EXERCISE DATA:
= = = = =

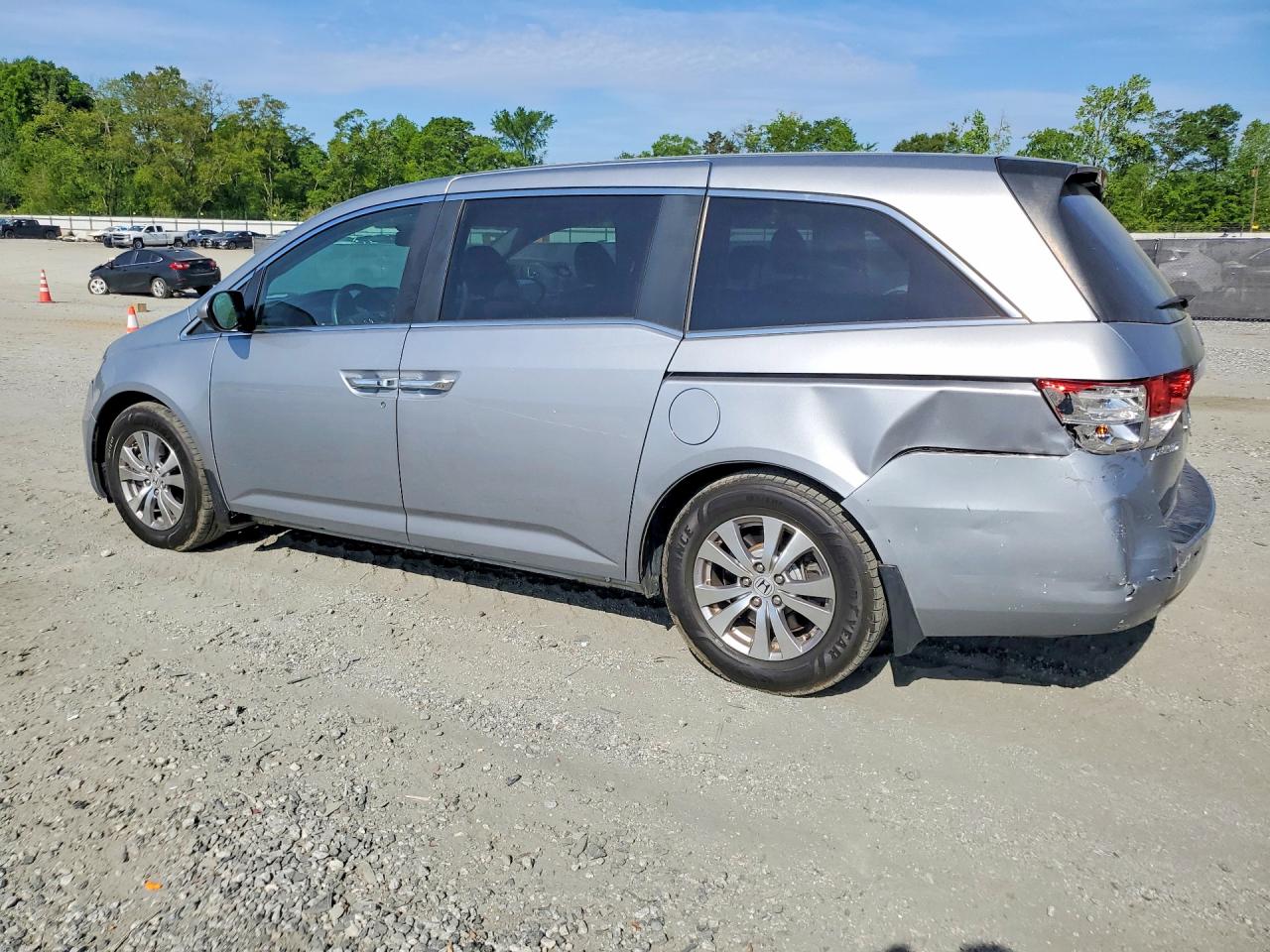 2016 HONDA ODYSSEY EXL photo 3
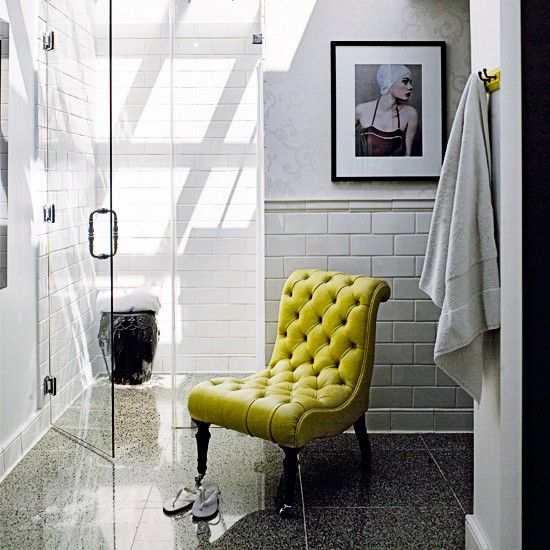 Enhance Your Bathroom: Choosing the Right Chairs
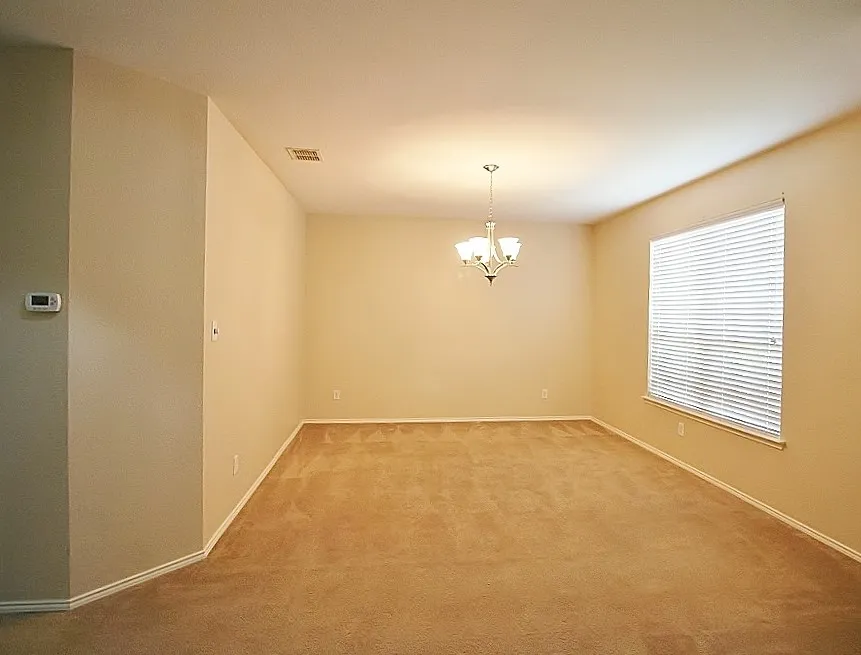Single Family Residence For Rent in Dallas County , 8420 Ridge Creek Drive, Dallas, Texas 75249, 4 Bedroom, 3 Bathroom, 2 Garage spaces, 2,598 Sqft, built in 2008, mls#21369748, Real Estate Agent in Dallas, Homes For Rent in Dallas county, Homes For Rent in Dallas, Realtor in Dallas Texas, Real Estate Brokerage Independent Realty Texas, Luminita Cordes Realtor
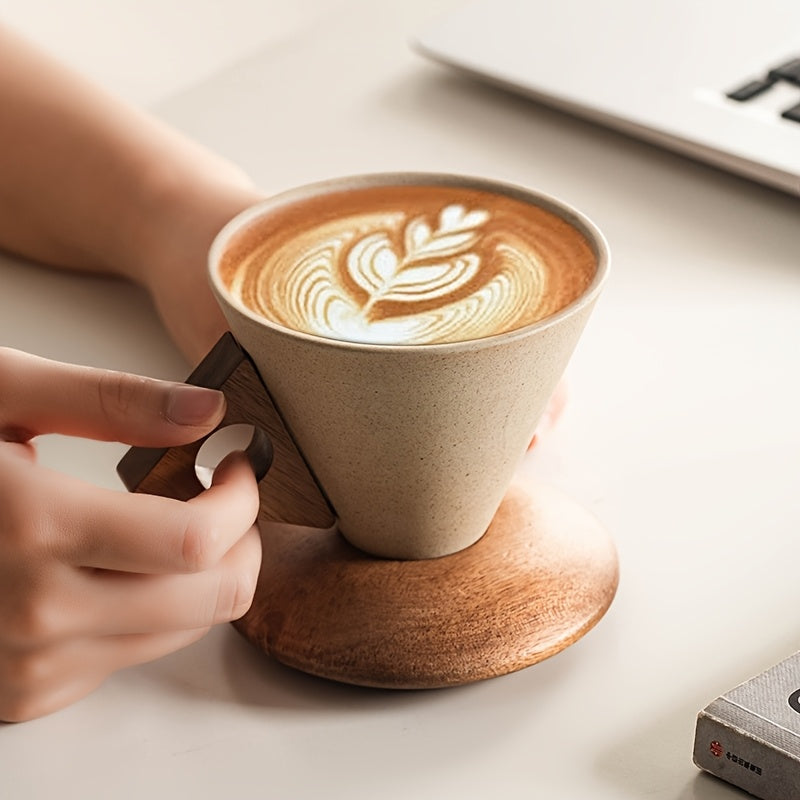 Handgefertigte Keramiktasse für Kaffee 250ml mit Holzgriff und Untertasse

= = = = =

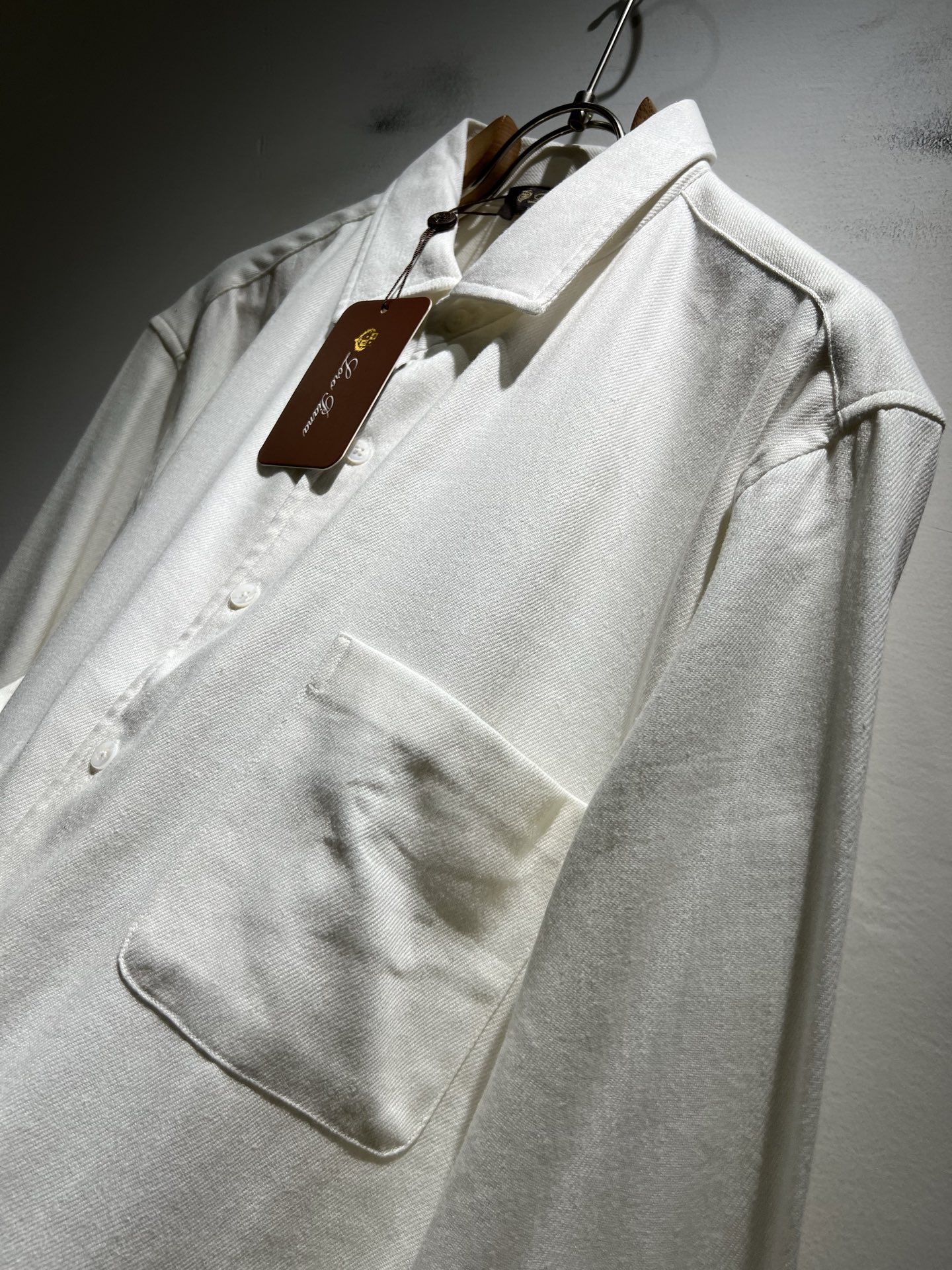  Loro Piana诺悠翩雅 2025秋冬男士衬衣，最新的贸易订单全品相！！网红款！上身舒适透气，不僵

= = = = =

TO DO:
With the pictures omitted, copy exactly the lines of the listing above starting at the line containing "Single Family Residence" and ending at the line containing "Handgefertigte Keramiktasse für", both included.

ANSWER TO THIS PROBLEM:
Single Family Residence For Rent in Dallas County , 8420 Ridge Creek Drive, Dallas, Texas 75249, 4 Bedroom, 3 Bathroom, 2 Garage spaces, 2,598 Sqft, built in 2008, mls#21369748, Real Estate Agent in Dallas, Homes For Rent in Dallas county, Homes For Rent in Dallas, Realtor in Dallas Texas, Real Estate Brokerage Independent Realty Texas, Luminita Cordes Realtor
 Handgefertigte Keramiktasse für Kaffee 250ml mit Holzgriff und Untertasse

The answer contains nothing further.